Pacheco’s disease

27,00

igbeyewo turnaround : 1-3 days or Express 1 day

awọn ayẹwo : Dry blood on paper

Clear
SKU: pacheco-disease-bird Ẹka:
Positive: the pathogen has been detected in the sample provided. Negative: the pathogen has not been detected in the sample provided.
Positive
Positive
Negative

What is the pacheco disease ?

The pacheco’s disease has been described around the world. It affects birds of all ages, and is often fatal. It is caused by a herpes virus (PsHv). The pacheco’s disease can affect all species of parrots, especially African Grey Parrot, Amazons, Quakers.

The symptoms

Some birds may die suddenly, with no specific or observable symptoms. The symptoms are otherwise rather vague : breathing difficulties, abundant secretion of urine.
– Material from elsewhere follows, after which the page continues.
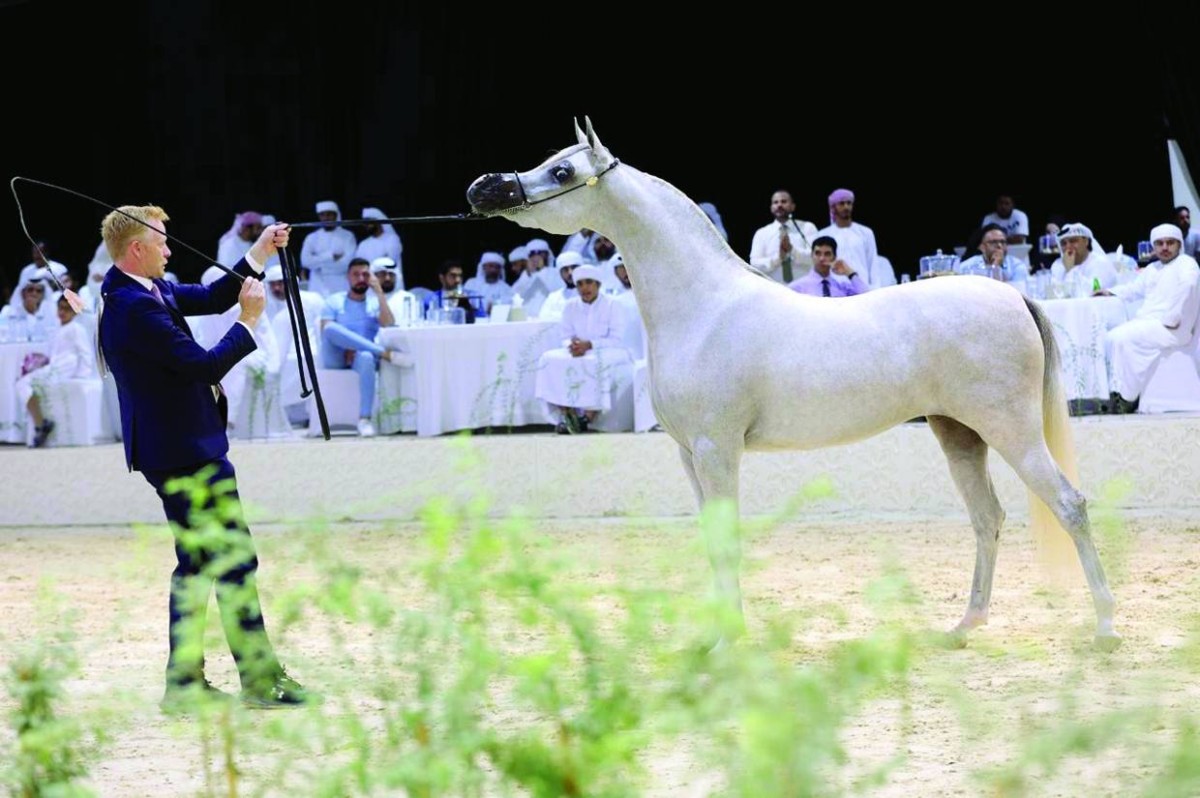 «جيه إس السلطان» بطل الفحول في ختام البطولة الوطنية لـ «جمعية الإمارات للخيول»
The bird can be lethargic, anorexic. The bird can have diarrhea. Greenish urine indicates liver damage because the virus affects the liver, the kidneys, the spleen.
Given the weakness and inaccuracy of symptoms, the diagnosis of the disease is therefore particularly difficult and screening by DNA testing remains the only effective method.

embryo dead by pacheco

An embryo infected with an herpes virus, the cause of Pacheco’s disease

Transmission

pacheco in liver

Herpes virus causing Pacheco’s disease in liver tissues

Considered highly contagious, the disease spreads very quickly within a breeding. The virus is usually spread by nasal secretions and feces. The virus can survive for a long time, outside its host, in the form of dust in its environment. This dust can be inhaled by another bird, which becomes infected. The virus is resistant to many disinfectants. Alcohol is, for example, inefficient. Oxidizing disinfectants, such as bleach, should be used. It is important to disinfect and replace all the aeration and air filtration systems.
The herpes virus remains latent in the body and will trigger the disease in case of stress. Stresses that can reactivate the virus are for example a change of environment or the loss of a partner. Once reactivated, the virus is excreted in large quantities in the feces. The virus remains present in birds that have survived the disease; they can still transmit it. Any bird that cures a Herpes virus infection should therefore be considered a carrier. The most common reservoirs of the virus are amazons, macaws, or conures.
It is therefore essential to detect this deadly disease on any new bird arriving in the breeding.

Treatment

The treatment consists of administering acyclovir by force-feeding or mixing with food. The intramuscular administration of acyclovir is strongly discouraged because it can lead to muscle necrosis.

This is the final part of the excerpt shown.